La organización armó campamentos de entrenamiento de extremistas, inclusive experimentando con gas venenoso con perros, y reclutaron y adiestraron a unos 20.000 yihadistas voluntarios de todo el mundo.
El grupo también dirigió el doble ataque contra las embajadas de EE.UU. en Kenia y Tanzania en 1998, en los que murieron 224 personas, la mayoría civiles africanos. Al Qaeda pudo operar con impunidad en Afganistán porque recibía protección del gobierno de la época: el Talibán, que habían tomado el control de todo el país en 1996, tras la retirada del Ejército Rojo soviético y los subsiguientes años de guerra civil.
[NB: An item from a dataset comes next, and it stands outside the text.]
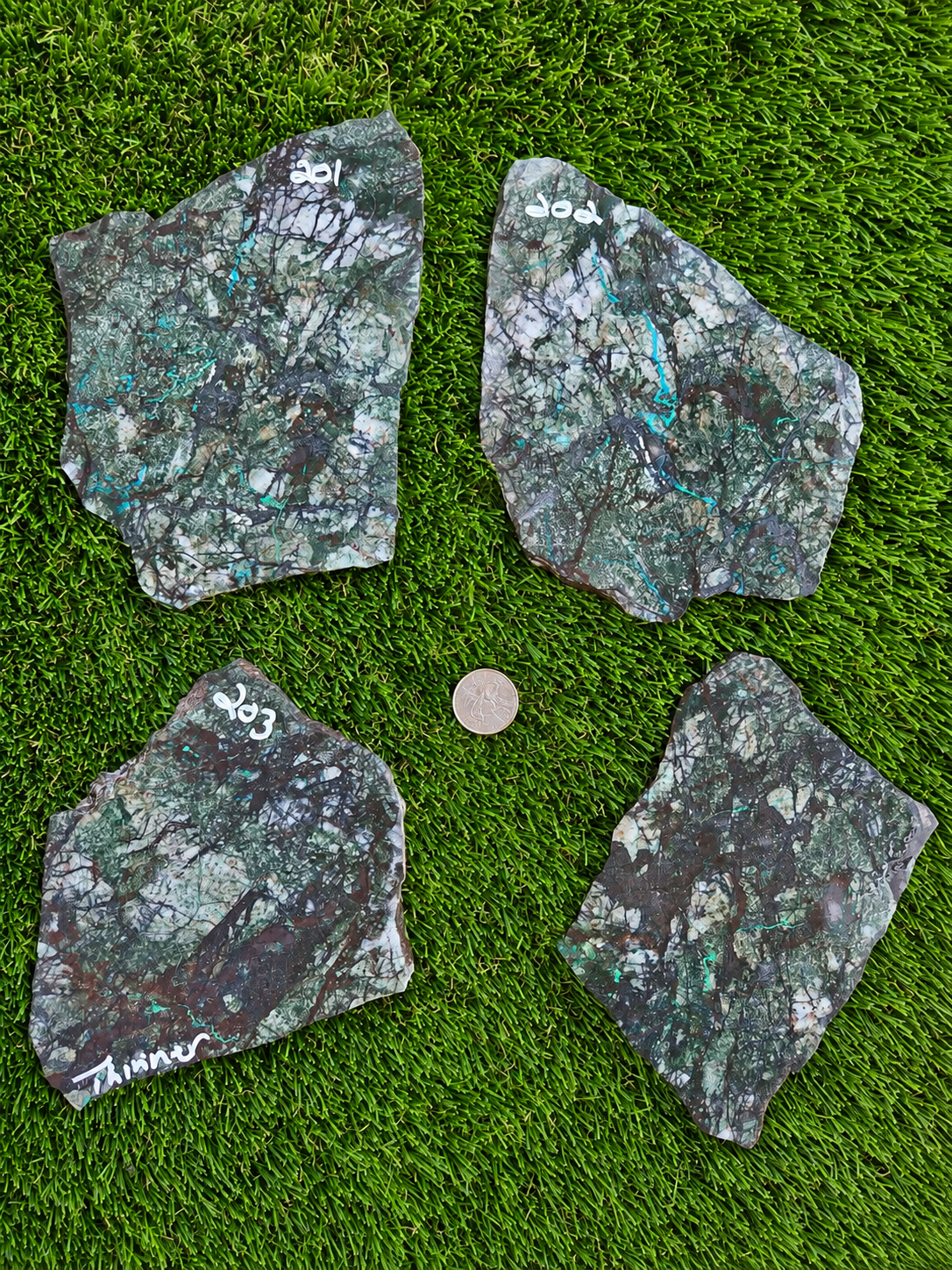 Globe Chrysocolla Hematite & Quartz Slabs D201-204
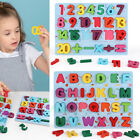 New -- Baby Kids Learning Toys Wooden Alphabet Number Puzzle Abc Letters Board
Washington, a través de sus aliados sauditas, intentaron persuadir al Talibán de que expulsara a al Qaeda, pero estos rehusaron hacerlo. Después de los ataques de septiembre de 2001, la comunidad internacional solicitó al Talibán que entregara a los responsables pero, una vez más, el Talibán se negó.
Así que, el siguiente mes, una fuerza afgana anti-Talibán conocida como la Alianza del Norte avanzó hacia Kabul, apoyada por fuerzas estadounidenses y británicas, desalojando al Talibán del poder y forzando a al Qaeda a huir por la frontera a Pakistán. Altas fuentes de seguridad le confirmaron a la BBC que desde ese momento no hubo un solo ataque terrorista internacional exitoso que haya sido planeado desde Afganistán.
Así que, usando puramente la medida de antiterrorismo internacional, la presencia militar y de seguridad occidental logró su objetivo. Pero esa, por supuesto, sería una medida extremadamente simplista que ignora el enorme costo que este conflicto cobró -y sigue cobrando- a los afganos, tanto civiles como militares.
Legado
20 años después, el país todavía no logra la paz. Según el grupo de investigación Action on Armed Violence (Acción contra la violencia armada), en 2020 hubo más afganos muertos por dispositivos explosivos que en cualquier otra parte del mundo. Al Qaeda, Estado Islámico (EI) y otros grupos milicianos no desapareció, están resurgiendo y sin duda están alentados por la inminente retirada de las restantes fuerzas occidentales.
En 2003, durante una misión a la remota base estadounidense de artillería en la provincia de Paktika, se recordó al veterano de la BBC, Phil Goodwin, manifestando sus dudas sobre el legado que la presencia militar de la coalición dejaría atrás. “En 20 años”, vaticinó, “el Talibán estará de vuelta en control en la mayoría del sur”. Hoy día, tras las conversaciones de paz en Doha y los avances militares sobre el terreno, están a punto de jugar un papel decisivo en el futuro de todo el país.
Sin embargo, el general Nick Carter, jefe militar conjunto de Reino Unido, que prestó servicio allí varias veces, señala que “la comunidad internacional ha construido una sociedad civil que cambió el cálculo del tipo de legitimidad popular que busca el Talibán”.
“El país se encuentra en un mejor sitio que en 2001”, afirmó y agregó: “Y el Talibán ha adquirido una mente más abierta”. El doctor Sajjan Gohel, de la Fundación Asia Pacífico, tiene un punto de vista un poco más pesimista.
“Hay una legítima preocupación”, comentó, “que Afganistán pueda regresar a ser el caldo de cultivo del extremismo que fue en los años 1990”. Es una preocupación compartida por muchas agencias de inteligencia de Occidente. Gohel explicó que “ahora habrá una nueva oleada de combatientes terroristas extranjeros de Occidente que viajarán a Afganistán para recibir entrenamiento. Pero Occidente será incapaz de lidiar con el problema porque la retirada de Afganistán ya se habrá completado”.
Es posible que esto no sea inevitable. Dependerá de dos factores: primero, si un Talibán triunfante permite las actividades de al Qaeda y EI en las regiones que tiene bajo su control y, segundo, el grado al cual la comunidad internacional esté preparada para luchar contra ellos cuando ya no tenga los recursos en el país.
De manera que el futuro panorama de seguridad en Afganistán es opaco. La nación que las fuerzas occidentales abandonarán en septiembre está lejos de ser segura. Pero pocos hubieran vaticinado, en los agitados días después de S-11, que permanecerían tanto tiempo como dos décadas.